* [Exercise description]: Copy nothing but the lines below, from the one with "As for the pants, this" through the one with "For my transition", exactly as written; no pictures should appear.

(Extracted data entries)

——

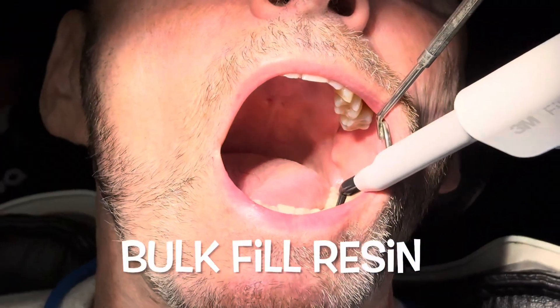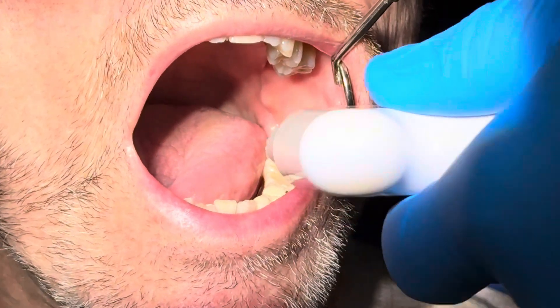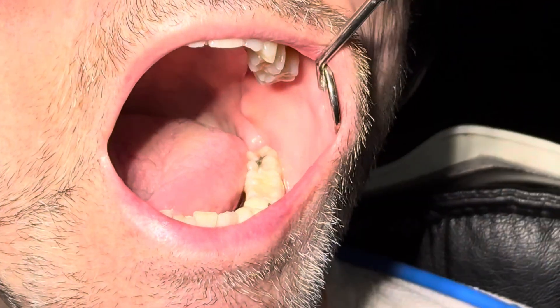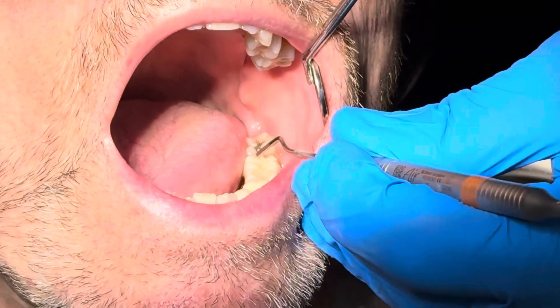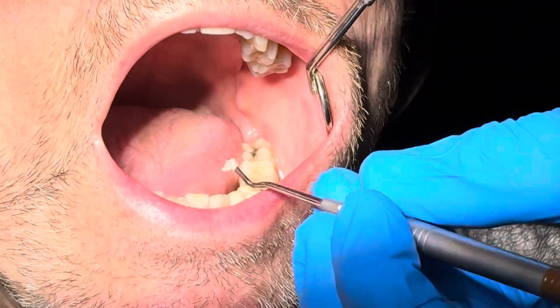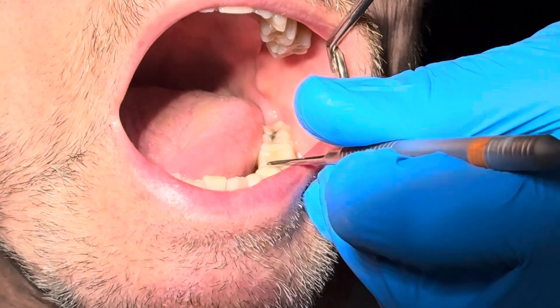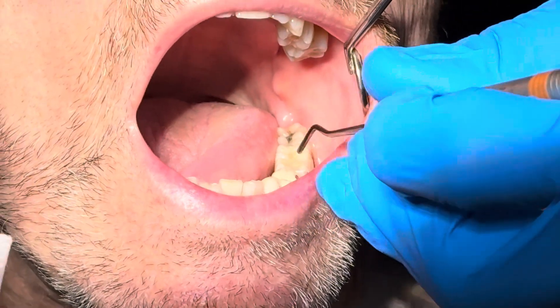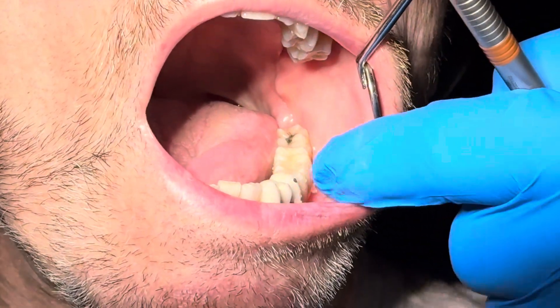We'll take some bulk fill resin and put this in the chambers to fill them with a resin that's a little more durable for occlusion. These bridges take a bit more beating because of the lack of a periodontal ligament — when an implant is opposing a tooth it takes a lot of force, versus opposing a denture which is much easier.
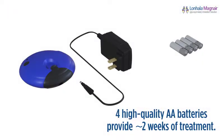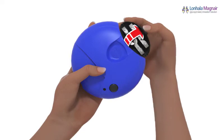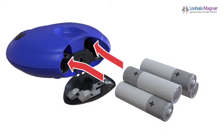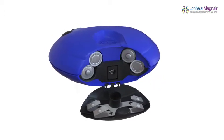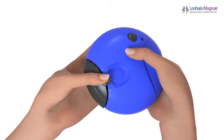Let's get started by assembling your Magnair. Magnair can be used with AA batteries or with the AC adapter. To insert the four AA batteries, open the black battery door on the controller by placing your thumb on the black tab and firmly pushing the tab. Using the battery tips as guides and starting left to right, insert the four AA batteries tip out, tip in, tip out, tip in. To close the battery door, push it closed until you hear it click into place.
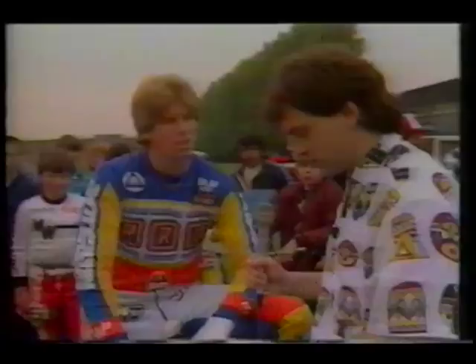As for the pants, this is mesh — most pros use these during the summertime because they're a lot cooler. Down below is nylon, and there's padding in here all the way down to the shin, straight down to the bottom.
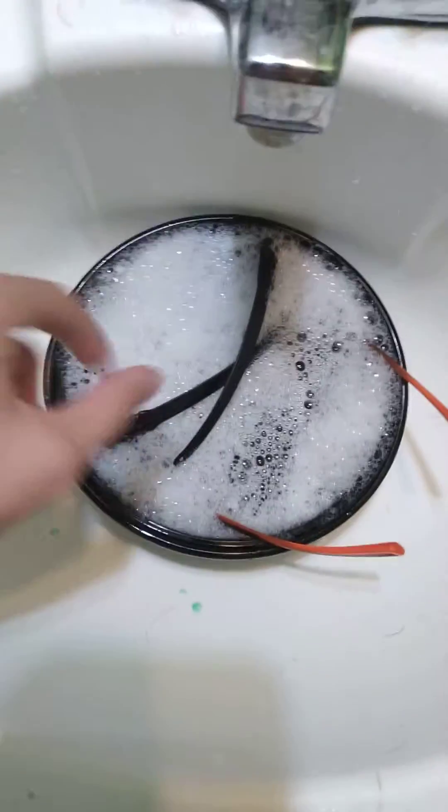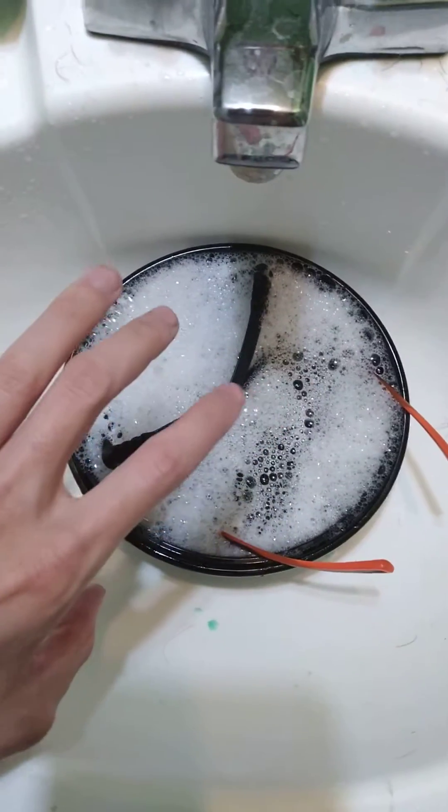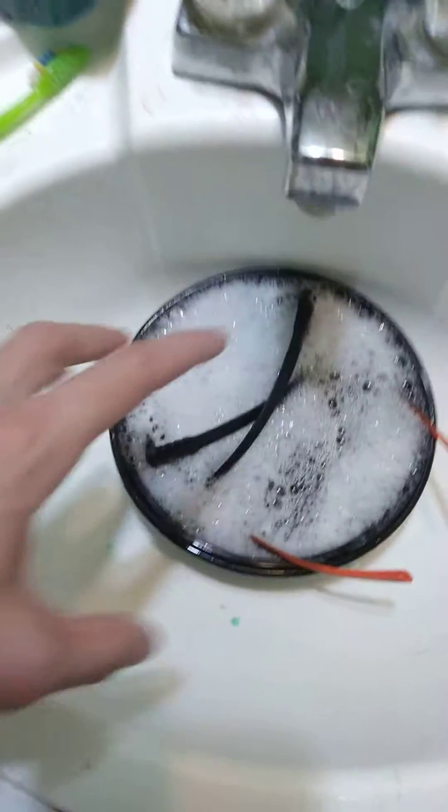How do you spray paint off glasses and sunglasses? I spray painted a few things at work and got spray paint on my glasses and sunglasses. Tried to flick it off — didn't work. It's also a thing online, but it's not saying it on YouTube, so I'm just gonna make this quick video.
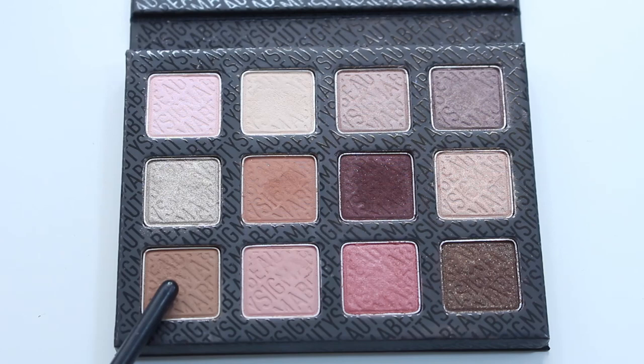For my transition color I'm using Cozy, which is just the perfect warm brown color. It's nice and matte — I hate shimmer in the crease — so it's a nice matte color. Apply this with a big fluffy blending brush right in the crease and just buff that out.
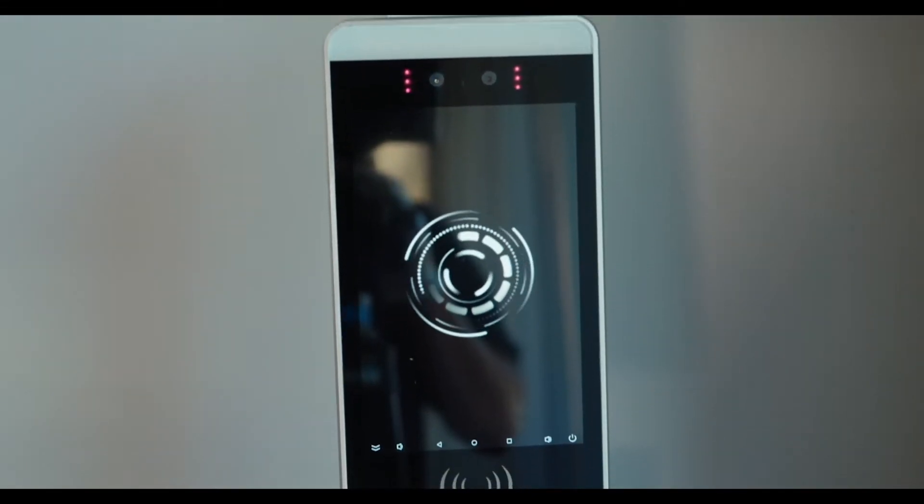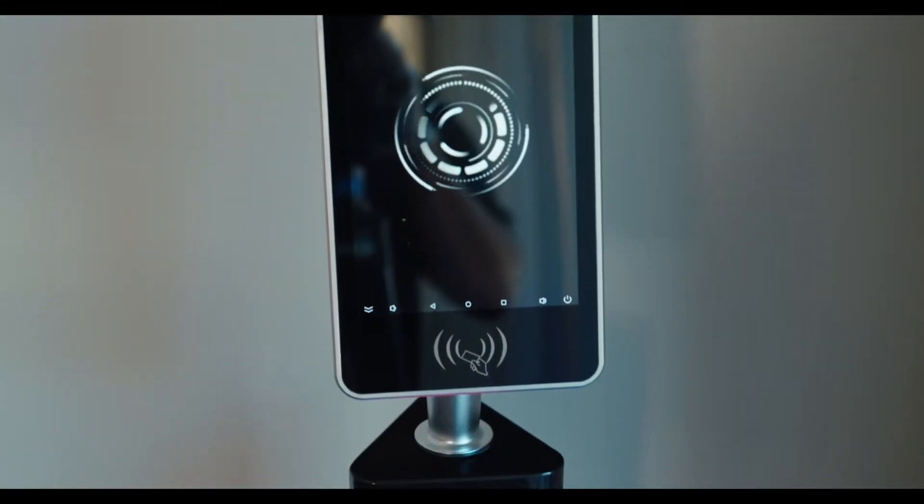This is the one-screen GoSafe tablet, a body temperature and facial recognition scanner.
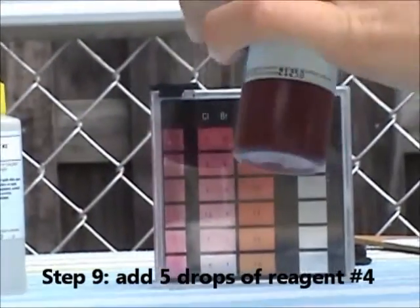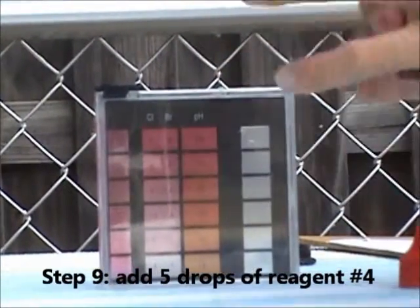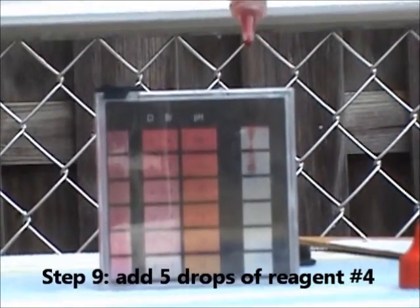Step number nine: add five drops of reagent number four into the large side of the comparator block this time.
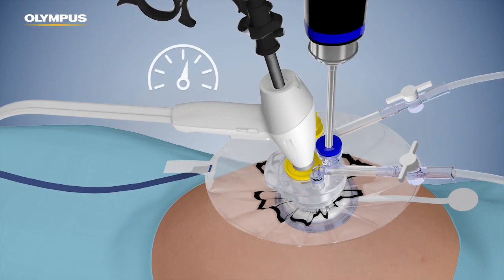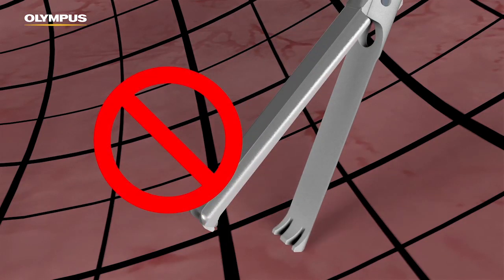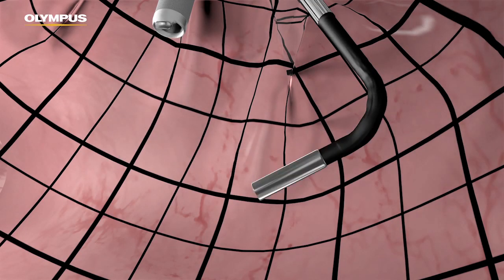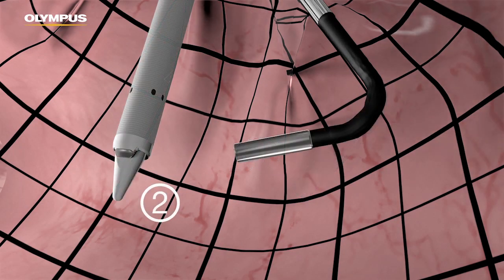Continuously monitor the pressure in the abdominal cavity. Do not touch the pneumo liner with an open tenaculum. When cleaning the scope, remove all instruments first, and then the scope. Remember the correct order for reinsertion, including the obturator.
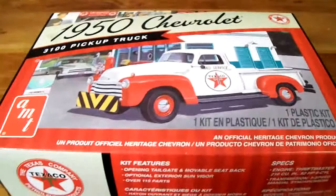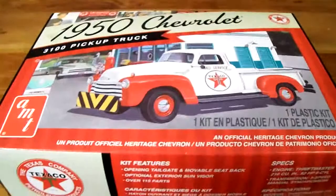There we go. So this video has been for the AMT 1/25th scale 1950 Chevrolet 3100 pickup truck, Texaco edition. Alright, goodbye everyone.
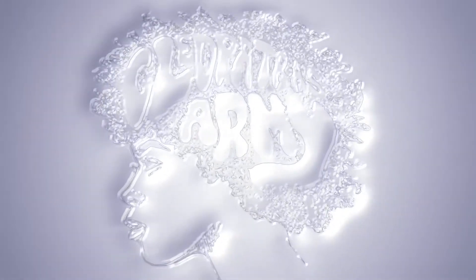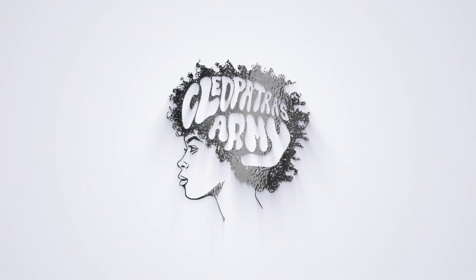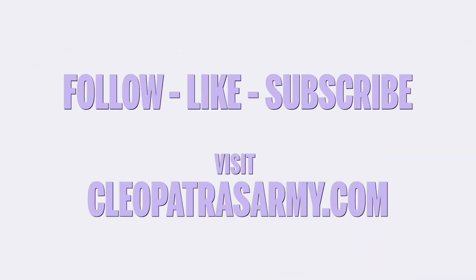Thanks for tuning in Army Brats. To get more workouts, your own Infinity Bands, or maybe just this bomb outfit, visit CleopatrasArmy.com.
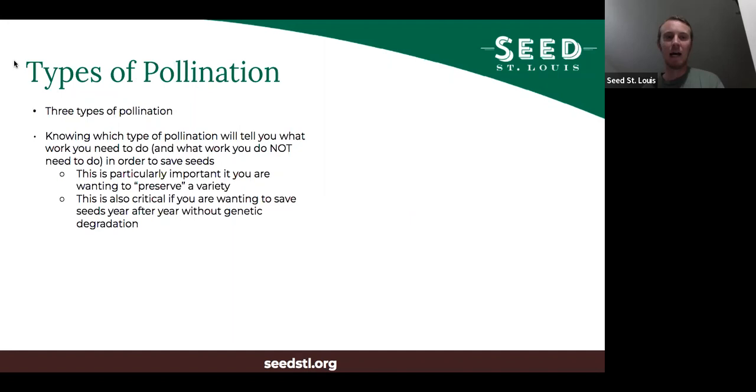In terms of how seed saving works, it's first important to know there are three different types of pollination. Knowing which type of pollination the plant you want to save seeds from uses will tell you what work you need to do — and more importantly, what work you do not need to do, because there's no reason to do unnecessary work. This is particularly important if you want to preserve a variety and don't want a lot of crossing to happen. It is also critical if you want to save seeds year after year without genetic degradation.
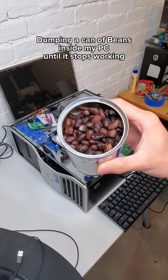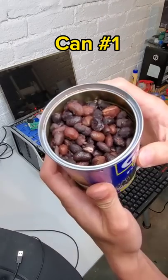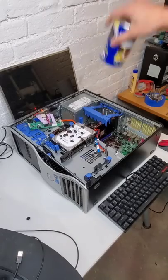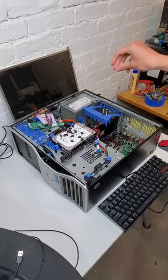Dumping a can of beans inside of my computer until it stops working. Can number one — in our first can, we have some black beans. And for every can of beans that I end up using in this experiment, I'll be donating $20 to my local food bank.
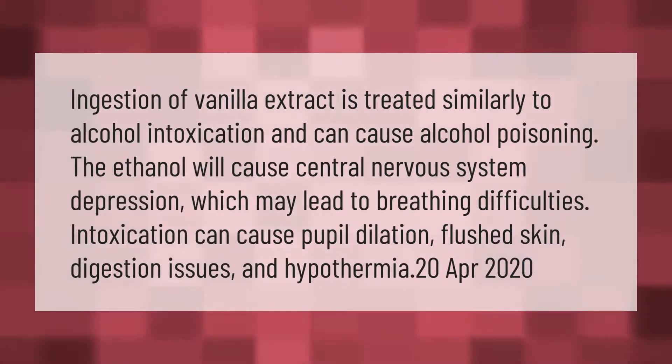Ingestion of vanilla extract is treated similarly to alcohol intoxication and can cause alcohol poisoning. The ethanol will cause central nervous system depression, which may lead to breathing difficulties. Intoxication can cause pupil dilation, flushed skin, digestion issues, and hypothermia.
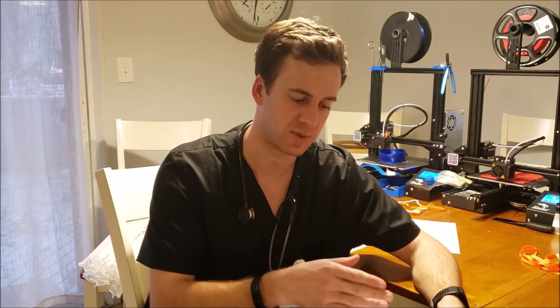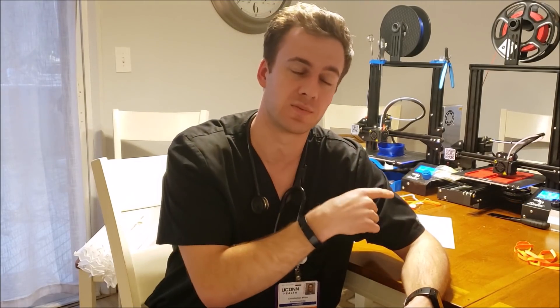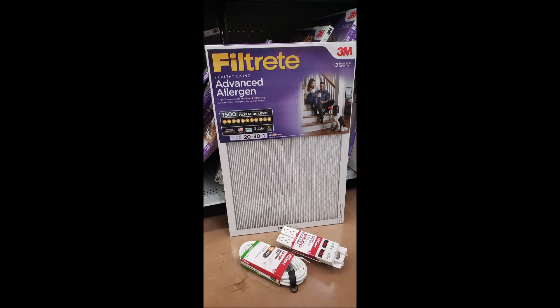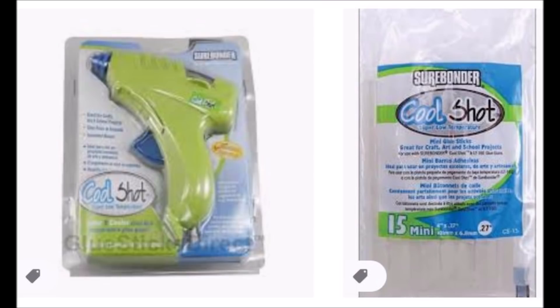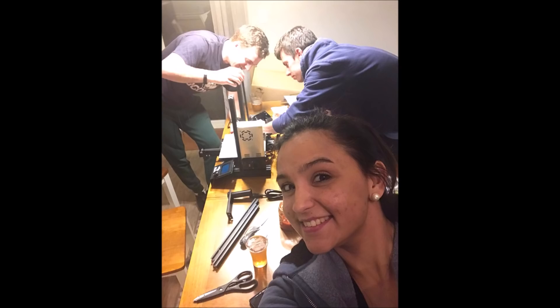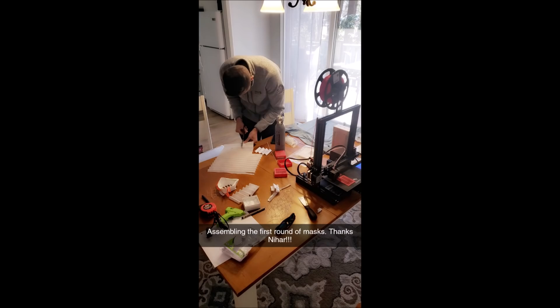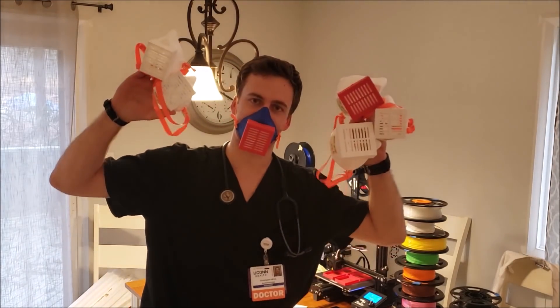I started with someone else's file — his name is Cavathro, Thingiverse ID 422563. Thank you, Cavathro, for your contribution. These are to be used as a last resort only per the CDC. Every hospital in the country gets 10 printers and makes 40 masks a day, and they're reusable. Clean the masks with either UV light or bleach, then replace the filter piece. The filter material to look for is 1500 MPR MERV-12 equivalent, and here are the MERV-13s. Here's the Cool Shot low-temperature glue gun that doesn't melt the PLA. Would you wear these masks? Please let me know in the comments below.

——

* [Task response]:
As for the pants, this is mesh — most pros use these during the summertime because they're a lot cooler. Down below is nylon, and there's padding in here all the way down to the shin, straight down to the bottom.
How do you spray paint off glasses and sunglasses? I spray painted a few things at work and got spray paint on my glasses and sunglasses. Tried to flick it off — didn't work. It's also a thing online, but it's not saying it on YouTube, so I'm just gonna make this quick video.
For my transition color I'm using Cozy, which is just the perfect warm brown color. It's nice and matte — I hate shimmer in the crease — so it's a nice matte color. Apply this with a big fluffy blending brush right in the crease and just buff that out.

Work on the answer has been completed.